[Data entries]
- - -

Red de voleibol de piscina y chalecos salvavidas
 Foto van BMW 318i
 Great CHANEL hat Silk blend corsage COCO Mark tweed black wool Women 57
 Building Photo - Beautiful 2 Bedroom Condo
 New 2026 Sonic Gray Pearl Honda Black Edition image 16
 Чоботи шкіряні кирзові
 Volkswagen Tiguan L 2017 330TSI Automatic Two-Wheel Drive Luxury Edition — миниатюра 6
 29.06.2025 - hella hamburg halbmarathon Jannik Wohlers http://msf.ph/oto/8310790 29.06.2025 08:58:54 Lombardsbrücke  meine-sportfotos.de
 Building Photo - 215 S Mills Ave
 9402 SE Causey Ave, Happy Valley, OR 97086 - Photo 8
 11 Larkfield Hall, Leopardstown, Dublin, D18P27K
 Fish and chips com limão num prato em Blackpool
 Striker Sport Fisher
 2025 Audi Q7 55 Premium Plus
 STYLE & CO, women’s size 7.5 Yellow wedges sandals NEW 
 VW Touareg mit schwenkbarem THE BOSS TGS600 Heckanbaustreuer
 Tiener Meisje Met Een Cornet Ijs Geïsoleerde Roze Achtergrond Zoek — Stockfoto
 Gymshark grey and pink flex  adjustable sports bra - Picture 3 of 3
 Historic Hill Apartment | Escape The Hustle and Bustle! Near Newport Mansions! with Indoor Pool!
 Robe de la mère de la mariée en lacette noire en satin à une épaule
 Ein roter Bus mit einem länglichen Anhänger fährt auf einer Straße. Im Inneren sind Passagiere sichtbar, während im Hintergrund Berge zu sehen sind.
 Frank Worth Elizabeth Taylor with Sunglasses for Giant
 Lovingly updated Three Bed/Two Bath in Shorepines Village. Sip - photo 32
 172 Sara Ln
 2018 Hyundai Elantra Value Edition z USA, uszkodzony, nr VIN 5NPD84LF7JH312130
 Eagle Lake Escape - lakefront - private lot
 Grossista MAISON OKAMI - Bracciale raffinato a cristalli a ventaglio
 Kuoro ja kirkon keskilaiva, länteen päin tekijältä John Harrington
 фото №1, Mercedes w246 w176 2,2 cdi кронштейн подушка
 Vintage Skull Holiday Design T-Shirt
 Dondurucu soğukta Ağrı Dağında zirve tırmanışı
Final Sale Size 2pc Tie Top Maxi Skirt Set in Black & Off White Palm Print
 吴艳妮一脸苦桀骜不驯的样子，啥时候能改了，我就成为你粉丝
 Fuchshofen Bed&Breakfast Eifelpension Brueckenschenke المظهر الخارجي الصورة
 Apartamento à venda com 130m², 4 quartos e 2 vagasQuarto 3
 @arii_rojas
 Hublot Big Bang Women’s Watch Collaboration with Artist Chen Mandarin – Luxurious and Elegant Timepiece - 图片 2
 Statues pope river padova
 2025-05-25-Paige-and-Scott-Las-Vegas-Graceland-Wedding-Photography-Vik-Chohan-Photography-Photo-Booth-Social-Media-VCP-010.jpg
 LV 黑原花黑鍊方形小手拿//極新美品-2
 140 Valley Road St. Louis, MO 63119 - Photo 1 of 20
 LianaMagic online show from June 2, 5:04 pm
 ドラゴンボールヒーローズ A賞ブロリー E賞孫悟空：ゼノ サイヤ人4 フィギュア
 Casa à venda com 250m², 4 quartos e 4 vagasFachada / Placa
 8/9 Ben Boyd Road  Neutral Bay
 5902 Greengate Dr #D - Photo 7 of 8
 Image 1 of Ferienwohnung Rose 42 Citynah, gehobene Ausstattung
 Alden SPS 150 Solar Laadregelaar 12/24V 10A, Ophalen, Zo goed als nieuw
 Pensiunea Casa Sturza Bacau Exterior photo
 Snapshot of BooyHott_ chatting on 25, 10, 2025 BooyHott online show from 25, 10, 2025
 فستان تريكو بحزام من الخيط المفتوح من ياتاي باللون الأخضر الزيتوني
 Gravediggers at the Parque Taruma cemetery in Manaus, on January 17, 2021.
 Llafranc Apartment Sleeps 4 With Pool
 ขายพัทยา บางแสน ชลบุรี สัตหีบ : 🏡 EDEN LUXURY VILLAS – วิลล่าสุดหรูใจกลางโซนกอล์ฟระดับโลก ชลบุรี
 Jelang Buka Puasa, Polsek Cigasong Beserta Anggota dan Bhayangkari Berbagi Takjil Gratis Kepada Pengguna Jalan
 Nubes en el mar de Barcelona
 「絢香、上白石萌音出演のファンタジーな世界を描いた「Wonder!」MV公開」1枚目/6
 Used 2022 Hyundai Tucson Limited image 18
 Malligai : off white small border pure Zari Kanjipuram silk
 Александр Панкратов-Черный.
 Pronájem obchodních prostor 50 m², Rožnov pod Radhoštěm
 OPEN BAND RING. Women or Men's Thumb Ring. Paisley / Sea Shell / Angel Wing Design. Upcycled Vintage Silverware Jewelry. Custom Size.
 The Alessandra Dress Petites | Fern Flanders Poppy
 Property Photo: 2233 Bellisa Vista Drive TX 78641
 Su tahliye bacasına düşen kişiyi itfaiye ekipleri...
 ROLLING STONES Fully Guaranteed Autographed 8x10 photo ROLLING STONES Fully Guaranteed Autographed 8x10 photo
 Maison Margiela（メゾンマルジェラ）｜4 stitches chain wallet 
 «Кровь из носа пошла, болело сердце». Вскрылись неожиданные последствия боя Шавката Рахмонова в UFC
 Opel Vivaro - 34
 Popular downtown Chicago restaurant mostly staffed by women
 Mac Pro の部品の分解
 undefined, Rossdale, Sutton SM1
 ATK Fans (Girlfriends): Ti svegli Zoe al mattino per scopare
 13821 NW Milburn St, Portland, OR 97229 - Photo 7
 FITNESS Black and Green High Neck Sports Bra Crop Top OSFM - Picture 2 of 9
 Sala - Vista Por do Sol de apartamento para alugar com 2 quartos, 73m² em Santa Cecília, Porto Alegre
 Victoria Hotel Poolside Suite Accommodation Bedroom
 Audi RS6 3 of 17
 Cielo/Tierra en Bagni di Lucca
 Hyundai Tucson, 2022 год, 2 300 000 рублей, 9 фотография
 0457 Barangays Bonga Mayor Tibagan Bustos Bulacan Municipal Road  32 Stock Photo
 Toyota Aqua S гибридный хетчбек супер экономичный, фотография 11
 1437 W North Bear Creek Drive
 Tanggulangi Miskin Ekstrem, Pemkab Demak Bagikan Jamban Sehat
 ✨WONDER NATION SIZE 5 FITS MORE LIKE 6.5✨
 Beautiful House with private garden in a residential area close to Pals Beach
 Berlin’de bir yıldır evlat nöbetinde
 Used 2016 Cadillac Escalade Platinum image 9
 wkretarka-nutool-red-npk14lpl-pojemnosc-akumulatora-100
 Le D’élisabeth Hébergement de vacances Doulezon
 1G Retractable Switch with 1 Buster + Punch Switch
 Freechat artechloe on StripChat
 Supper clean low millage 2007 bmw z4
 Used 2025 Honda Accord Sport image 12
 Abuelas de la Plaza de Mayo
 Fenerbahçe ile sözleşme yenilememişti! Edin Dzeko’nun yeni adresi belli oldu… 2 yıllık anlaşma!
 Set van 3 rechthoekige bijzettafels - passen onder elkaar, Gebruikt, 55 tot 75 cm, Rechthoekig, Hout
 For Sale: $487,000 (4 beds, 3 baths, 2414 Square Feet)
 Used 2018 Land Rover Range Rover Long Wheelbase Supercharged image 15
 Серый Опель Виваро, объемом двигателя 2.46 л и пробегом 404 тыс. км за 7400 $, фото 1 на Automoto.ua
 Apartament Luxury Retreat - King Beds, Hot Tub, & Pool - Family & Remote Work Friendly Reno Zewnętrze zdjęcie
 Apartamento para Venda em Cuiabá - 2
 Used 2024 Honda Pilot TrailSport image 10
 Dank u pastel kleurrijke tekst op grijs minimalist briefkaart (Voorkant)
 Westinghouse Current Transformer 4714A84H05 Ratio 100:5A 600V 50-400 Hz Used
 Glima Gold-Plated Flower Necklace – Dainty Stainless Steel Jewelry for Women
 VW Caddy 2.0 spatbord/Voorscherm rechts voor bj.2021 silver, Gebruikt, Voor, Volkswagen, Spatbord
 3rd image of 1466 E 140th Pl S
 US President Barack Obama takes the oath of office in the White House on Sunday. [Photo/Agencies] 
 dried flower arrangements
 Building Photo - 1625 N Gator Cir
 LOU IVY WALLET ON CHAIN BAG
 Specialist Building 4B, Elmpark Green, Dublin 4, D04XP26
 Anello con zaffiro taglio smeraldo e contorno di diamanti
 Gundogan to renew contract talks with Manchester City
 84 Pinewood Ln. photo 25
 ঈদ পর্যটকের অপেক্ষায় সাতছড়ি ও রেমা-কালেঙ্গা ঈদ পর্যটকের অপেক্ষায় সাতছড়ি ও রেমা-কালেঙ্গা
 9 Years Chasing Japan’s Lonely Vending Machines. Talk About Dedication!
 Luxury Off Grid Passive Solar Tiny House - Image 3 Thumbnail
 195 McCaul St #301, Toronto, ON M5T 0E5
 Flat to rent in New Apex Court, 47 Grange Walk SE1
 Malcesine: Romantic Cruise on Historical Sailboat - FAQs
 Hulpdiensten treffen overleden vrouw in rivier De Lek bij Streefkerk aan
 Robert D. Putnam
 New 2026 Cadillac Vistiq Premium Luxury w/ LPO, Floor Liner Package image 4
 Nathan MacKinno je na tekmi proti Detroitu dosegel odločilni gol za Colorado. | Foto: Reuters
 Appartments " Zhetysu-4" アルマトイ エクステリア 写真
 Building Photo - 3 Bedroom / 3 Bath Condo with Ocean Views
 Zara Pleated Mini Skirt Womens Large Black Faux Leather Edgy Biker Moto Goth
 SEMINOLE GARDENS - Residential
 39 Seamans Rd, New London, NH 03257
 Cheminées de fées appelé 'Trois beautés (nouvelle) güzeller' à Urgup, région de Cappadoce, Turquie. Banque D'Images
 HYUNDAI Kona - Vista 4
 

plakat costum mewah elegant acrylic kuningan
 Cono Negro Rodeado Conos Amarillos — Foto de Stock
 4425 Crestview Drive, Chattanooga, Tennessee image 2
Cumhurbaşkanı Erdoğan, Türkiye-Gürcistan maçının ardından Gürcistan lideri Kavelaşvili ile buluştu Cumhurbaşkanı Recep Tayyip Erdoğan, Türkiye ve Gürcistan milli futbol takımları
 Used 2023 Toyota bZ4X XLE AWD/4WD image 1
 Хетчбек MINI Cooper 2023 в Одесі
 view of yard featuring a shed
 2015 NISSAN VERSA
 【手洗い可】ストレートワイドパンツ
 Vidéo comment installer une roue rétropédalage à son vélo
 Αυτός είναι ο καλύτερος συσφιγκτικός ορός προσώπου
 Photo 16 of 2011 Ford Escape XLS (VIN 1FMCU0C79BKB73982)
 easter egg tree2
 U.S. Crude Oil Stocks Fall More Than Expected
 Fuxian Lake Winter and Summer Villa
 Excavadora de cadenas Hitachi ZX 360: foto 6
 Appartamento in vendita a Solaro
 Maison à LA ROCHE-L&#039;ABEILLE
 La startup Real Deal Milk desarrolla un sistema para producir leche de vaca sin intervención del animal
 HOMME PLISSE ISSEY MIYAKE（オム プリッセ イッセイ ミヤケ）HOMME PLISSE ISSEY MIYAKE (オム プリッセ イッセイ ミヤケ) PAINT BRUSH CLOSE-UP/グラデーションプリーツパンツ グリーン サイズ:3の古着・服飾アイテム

- - -

• Your assignment
Return, with no change at all, every line in the entries above from the line containing "ドラゴンボールヒーローズ A賞ブロリー E賞孫悟空：ゼノ サイヤ人4 フィギュア" through the line containing "Su tahliye bacasına".

• Answer to this exercise
 ドラゴンボールヒーローズ A賞ブロリー E賞孫悟空：ゼノ サイヤ人4 フィギュア
 Casa à venda com 250m², 4 quartos e 4 vagasFachada / Placa
 8/9 Ben Boyd Road  Neutral Bay
 5902 Greengate Dr #D - Photo 7 of 8
 Image 1 of Ferienwohnung Rose 42 Citynah, gehobene Ausstattung
 Alden SPS 150 Solar Laadregelaar 12/24V 10A, Ophalen, Zo goed als nieuw
 Pensiunea Casa Sturza Bacau Exterior photo
 Snapshot of BooyHott_ chatting on 25, 10, 2025 BooyHott online show from 25, 10, 2025
 فستان تريكو بحزام من الخيط المفتوح من ياتاي باللون الأخضر الزيتوني
 Gravediggers at the Parque Taruma cemetery in Manaus, on January 17, 2021.
 Llafranc Apartment Sleeps 4 With Pool
 ขายพัทยา บางแสน ชลบุรี สัตหีบ : 🏡 EDEN LUXURY VILLAS – วิลล่าสุดหรูใจกลางโซนกอล์ฟระดับโลก ชลบุรี
 Jelang Buka Puasa, Polsek Cigasong Beserta Anggota dan Bhayangkari Berbagi Takjil Gratis Kepada Pengguna Jalan
 Nubes en el mar de Barcelona
 「絢香、上白石萌音出演のファンタジーな世界を描いた「Wonder!」MV公開」1枚目/6
 Used 2022 Hyundai Tucson Limited image 18
 Malligai : off white small border pure Zari Kanjipuram silk
 Александр Панкратов-Черный.
 Pronájem obchodních prostor 50 m², Rožnov pod Radhoštěm
 OPEN BAND RING. Women or Men's Thumb Ring. Paisley / Sea Shell / Angel Wing Design. Upcycled Vintage Silverware Jewelry. Custom Size.
 The Alessandra Dress Petites | Fern Flanders Poppy
 Property Photo: 2233 Bellisa Vista Drive TX 78641
 Su tahliye bacasına düşen kişiyi itfaiye ekipleri...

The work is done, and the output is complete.